> [TASK] Retype the listing found below exactly, but leave out each picture.

> [SOURCE DATA]
== Segment start ==

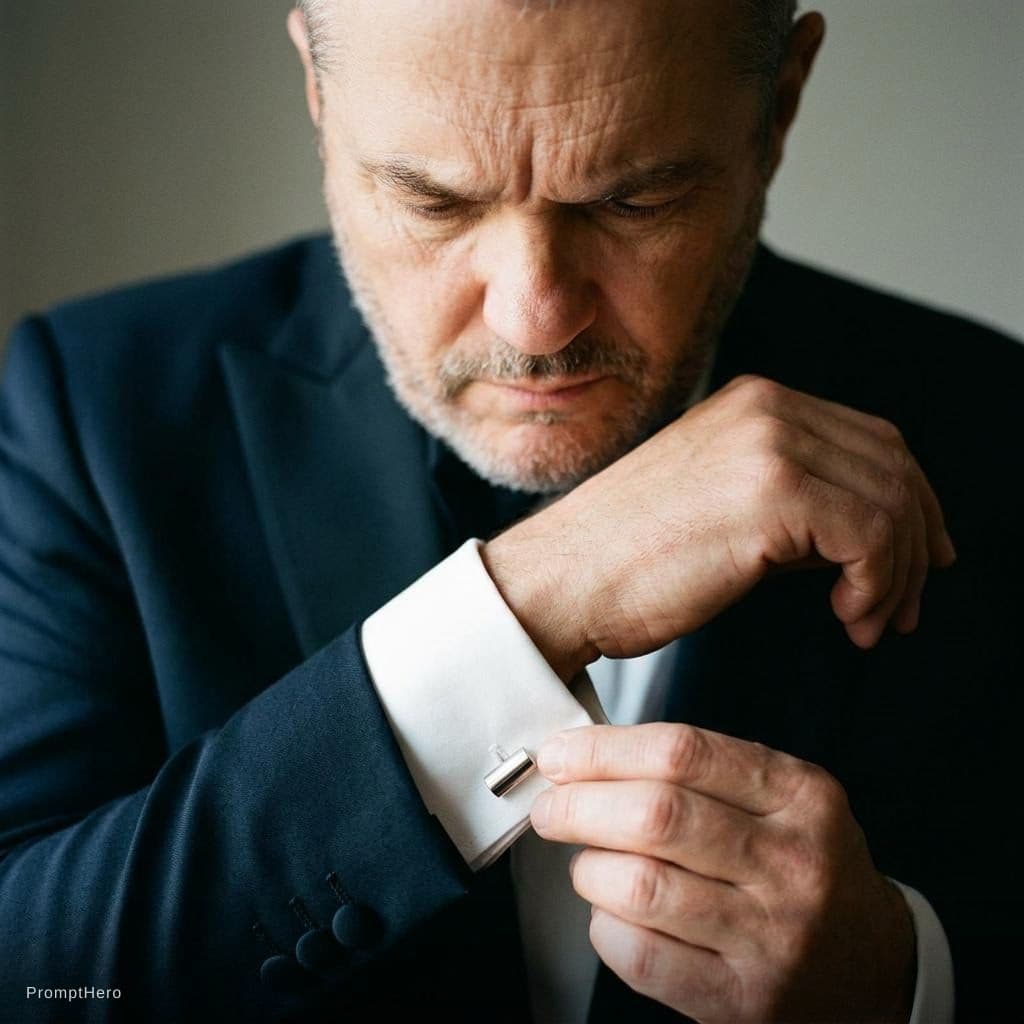 AI generated: Adjustment of Cufflink (Detailed Mid-Shot)
Ultra-realistic, mid-shot portrait focusing on a precise...
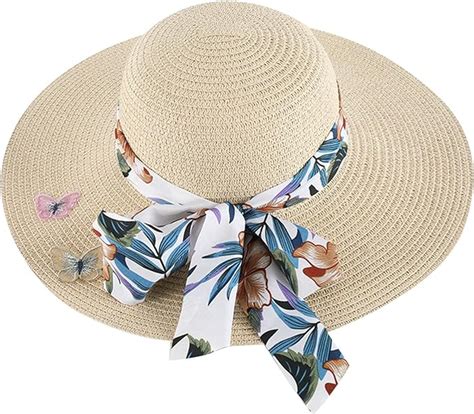 Women Wide Brim Straw Panama Hat Fedora Summer Beach Hat UPF Beach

== Segment end ==

> [ANSWER TO THIS TASK]
 AI generated: Adjustment of Cufflink (Detailed Mid-Shot)
Ultra-realistic, mid-shot portrait focusing on a precise...
 Women Wide Brim Straw Panama Hat Fedora Summer Beach Hat UPF Beach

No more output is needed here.